Fire Safety Tips from James Levine,
Fire Chief of the Upper Saddle River Fire Department and 20 year veteran of the New Jersey fire service.
December 24, 2005

So many of the alarms we are called to as firefighters are for something called, “CO”.  We constantly receive questions about this subject, so I guess it’s best we address it head-on.  Just what is this CO?  CO is carbon monoxide- like the stuff that comes out of the tailpipe of your car- it’s a byproduct of fuel combustion.   (Let’s not confuse this with carbon dioxide (CO2)- a byproduct of respiration.)  Carbon monoxide is a deadly gas.  It is invisible, odorless and colorless.  And what happens if it gets into your home?  Left undetected it can rob your body of the oxygen it needs and leave you with a headache, confused, dizzy, nauseated, faint or worse…DEAD!

It’s scary to think that this might happen while you sleep, so what can you do about this menace?  The winter months are especially critical, since that’s when our homes are sealed up most tightly.  In addition, the heat is on and stoves are in constant use.  The concern here is with natural gas, not electric units. Yes, the hot water heater and clothes dryer can be also be sources of CO.   And let’s not forget about some other possible sources of CO around the home- generators and vehicles.

OK, first, as always, let’s lay down a few simple rules to help keep us safe.  Rule number 1:  Install a CO alarm in your home!  Do it today!  And keep fresh batteries in the unit.  Test the alarm every few weeks.  Make sure to locate the alarms outside of each sleeping area in your home.  It’s also a good idea to install a CO alarm just outside the utility room where your furnace and hot water heater are.  And don’t forget to replace the alarm, itself, as it approaches the end of its service life- check the manufacturer’s instructions- these things don’t last forever.  Don’t confuse this device with a smoke detector- you should have both of these units in your home.

Now this next one might sound so very elementary, but it needs to be said, nonetheless. Rule number 2: Never, and I mean NEVER leave a fuel burning vehicle or power equipment running in a garage- closed or open.   Here’s where the movies are relatively accurate- the result can be certain death!  If you need to warm up your vehicle, pull it out of the garage and let it run in the driveway.  Don’t run any fueled power tools in the house.

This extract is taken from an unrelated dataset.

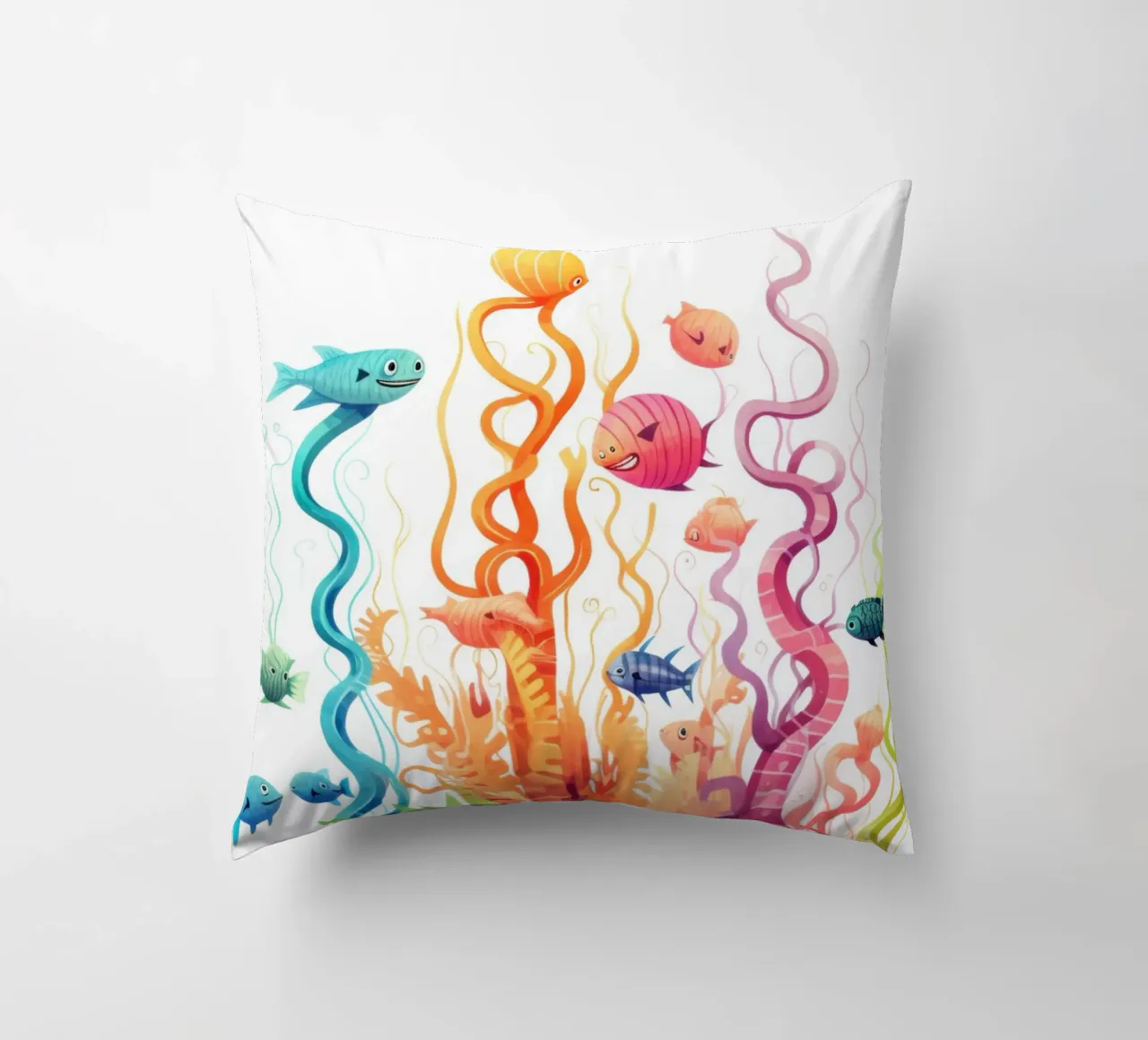 Animali divertenti cuscino da Art Digital Visuel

Rule number 3:  Preventing the buildup of CO in the house also means ensuring that all flues and vents for wood and fuel burning equipment are free of debris, snow, and other types of blockage including leaves and small animals.  Don’t forget that gas dryer, too.   Not just CO, but fire, itself can originate from a vent hose clogged with lint.  We all love the sight and aroma of wood burning fireplaces and stoves, so let’s make sure we operate them safely.  Let’s get those flues cleaned and checked annually.  And open the flue BEFORE you light those fires.  It can be embarrassing to have your neighbors see your house filled with smoke and a fire truck in front!

OK, now what do you do if your CO alarm sounds?  First, let’s get everyone OUT OF THE HOUSE and then call the emergency response number for your town.  If you haven’t put this number into your cell phone or committed it to memory, then call 9-1-1 and stay out of the house until directed to return by the responding agency.

Not to be glum, but each year more than 300 people in this country perish in their homes from CO poisoning.  Following these simple rules will prevent you and your family from making a contribution to this statistic.  Let’s be safe in our homes!